Strain into a daquiri glass. This is a beautiful drink that is so popular it has its very own glass…
Cut limes to create swirling peels. Place two on glass rim, with lime just “kissing” the drink. A swirling peel can also be wrapped and speared with a cocktail pick and a sprig of fresh mint. Can also create “tatooed” lime wedges and perch on the edge of the glass. The tattoo lime wedges are made from half or quarter of a lime and cutting little “grooves” into the citrus skin. Or garnish with “tatoo” lime slices or plain lime slices tucked into the drink.
Brandy Alexander or my Finishing Touches twist on this favorite: the Open Sesame:
The drink was named for the phrase Open Sésame that is from Antoine Galland's novel, “Les Mille et une Nuits or “One Thousand and One Nights” -- Sésame, ouvre-toi means "Sesame, open!" In the mysterious novel, Ali Baba overhears the 40 thieves saying "open sesame." His brother later cannot remember the phrase, and confuses it with the names of other grains- thus becoming trapped in the magic cave. But not Aladdin who, in a similar tale in the book, had a magic ring and a genie to release him from the cave!
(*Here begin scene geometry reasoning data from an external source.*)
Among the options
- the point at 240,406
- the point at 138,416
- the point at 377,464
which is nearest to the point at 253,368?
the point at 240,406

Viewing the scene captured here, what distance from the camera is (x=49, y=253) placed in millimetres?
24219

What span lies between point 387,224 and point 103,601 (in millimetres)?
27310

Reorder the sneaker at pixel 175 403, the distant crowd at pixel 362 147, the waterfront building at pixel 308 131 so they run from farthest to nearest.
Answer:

A key ingredient in Open Sésame is tahini, a sesame seed paste that could never be confused with another grain. Create some cocktail party magic with a sesame-infused drink and canapes.
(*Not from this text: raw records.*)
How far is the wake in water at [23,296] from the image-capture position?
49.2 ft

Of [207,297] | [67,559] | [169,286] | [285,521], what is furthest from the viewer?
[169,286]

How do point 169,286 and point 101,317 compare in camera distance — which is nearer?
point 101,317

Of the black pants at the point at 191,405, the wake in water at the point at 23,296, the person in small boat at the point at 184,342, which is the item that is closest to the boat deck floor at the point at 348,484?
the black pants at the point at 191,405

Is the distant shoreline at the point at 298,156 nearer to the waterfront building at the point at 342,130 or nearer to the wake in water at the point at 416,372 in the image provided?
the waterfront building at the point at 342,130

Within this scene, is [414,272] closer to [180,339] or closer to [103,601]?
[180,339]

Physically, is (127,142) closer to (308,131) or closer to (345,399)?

Tahini is ancient; the sesame seed paste appears in a 13th century Arabic cookbook and has been used throughout the Mediterranean and the Middle East’s exotic culinary creations. It possesses a rich but delicate, nutty flavor. Open Sesame is a good cocktail to serve as part of the dessert course or at a brunch or late night cocktail parties. Mixed with the cream, chocolate and coconut, along with the earthy liquors, Open Sesame is a full-bodied sipping adventure worthy of the Arabian Nights.
1 ounce Anejo Tequila - imparts smoky flavor with hints of vanilla/caramel
1 1/2 ounce Rum - preferably with raw sugar cane syrup base (vs. molasses) It’s grassy herbaceous flavor has a caramel/vanilla botanical kind of earthiness.
¼ ounce creme de cocoa
½ ounce chocolate syrup
½ ounce cream
½ ounce coconut milk
½ ounce Tahini
Mix the liquors followed by other ingredients in the shaker, strain out into glasses. Either mix up some whipped cream separately or for ‘cocktail theater,” add another ½ ounce or so of cream back into the shaker - with no ice -- and use the Hawthorne spring from the strainer - and shake it up. Pour the cream or made-ahead cream on top of drink. Garnish with toasted coconut and tagine spices, or other mid-east spice powder, including La Boite’s selections, most notably, Za’atar that is a blend of sesame, sumac, thyme, and oregano.
Or Tangier that has rose petals, cumin, and cardamom dancing together - and that works with the spices in the food pairing.
One can also just sprinkle a simple harissa powder.
Open Sesame is a warm embrace of a rich creamy, nutty, chocolate flavor.
Here are a few other 70’s cocktail favorites to help you celebrate. Slow Comfortable Screw and Pink Squirrel. How cute are these?!
And what could be even better? Freezing the cocktails and making frozen pops!
Back to the true --Thank you service people and veterans. We honor and love you.